Dans les années 1920, la vague des migrations se tarit pour les compagnies de navigation car les Etats-Unis mettent en place des quotas qui réduisent drastiquement le nombre d’immigrants. Pour éviter la faillite, il faut s’orienter vers la clientèle riche déjà présente sur les paquebots mais jusque-là minoritaire. Dans ce but, la carte du luxe à la française est lancée !
Dans un premier temps, décoration des bateaux en s’inspirant de l’art français du XVIIe ou XVIIIe siècle par des architectes d’intérieur, puis aménagement des salons dans le style art déco. Le meilleur de la gastronomie française est à l’honneur, les alcools coulent à flots. Exemple : le Normandie embarque 187 cuisiniers et leurs aides, 6 sommeliers et 7 000 bouteilles de vin millésimés et de champagne. Les Américains, soumis à la prohibition dans leur pays, trouvent là un moyen de s’énivrer en toute légalité.
La course au « ruban bleu »
Mais la concurrence étrangère pousse à se surpasser. Les bateaux sont de plus en plus grands, longs et rapides : construits pour battre des records. Au milieu du XIXe siècle, la traversée durait quatorze jours. En 1935, le Normandie réduit le temps de voyage à quatre jours et trois heures à 55 km/h et décroche ainsi le fameux drapeau récompensant le transatlantique le plus rapide.

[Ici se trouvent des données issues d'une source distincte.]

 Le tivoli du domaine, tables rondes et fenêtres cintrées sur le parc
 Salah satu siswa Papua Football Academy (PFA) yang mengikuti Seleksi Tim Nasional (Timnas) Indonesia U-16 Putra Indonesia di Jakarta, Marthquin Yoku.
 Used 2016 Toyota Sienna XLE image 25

L’installation de la radio à bord permet de capter les SOS des navires en détresse. Ce fut le cas le 26 juillet 1953 au large de New-York où L’Île-de-France venant de quitter la ville fit demi-tour pour porter secours à L’Andréa Doria suite à un impact avec le Stockholm causé par un épais brouillard. Déjà couché sur le côté, sept cent cinquante-trois passagers furent ainsi sauvés.

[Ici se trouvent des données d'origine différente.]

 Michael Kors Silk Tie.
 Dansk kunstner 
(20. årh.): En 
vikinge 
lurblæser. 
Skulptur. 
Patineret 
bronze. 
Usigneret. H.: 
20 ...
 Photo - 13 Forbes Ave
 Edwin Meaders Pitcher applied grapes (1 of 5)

Pendant les deux guerres mondiales les traversées continuent malgré les risques de torpillage des sous-marins ennemis. L’Etat réquisitionne certains bateaux pour les transformer en croiseurs auxiliaires. La Compagnie générale transatlantique sort exsangue de la Seconde guerre mondiale, les deux tiers de sa flotte ont été détruits. Son blason resplendit à nouveau en 1962 avec le France : c’est alors le plus long paquebot du monde (316 m). Mais dans le même temps les avions traversent l’océan en quelques heures. En 1974, faute de rentabilité, la compagnie renonce à la ligne transocéanique. Son fleuron le France, abandonné quatre ans sur un quai du Havre, est vendu à un prince saoudien puis à un armateur norvégien, laissant les Français révoltés par l’abandon de « leur » paquebot dont ils étaient si fiers.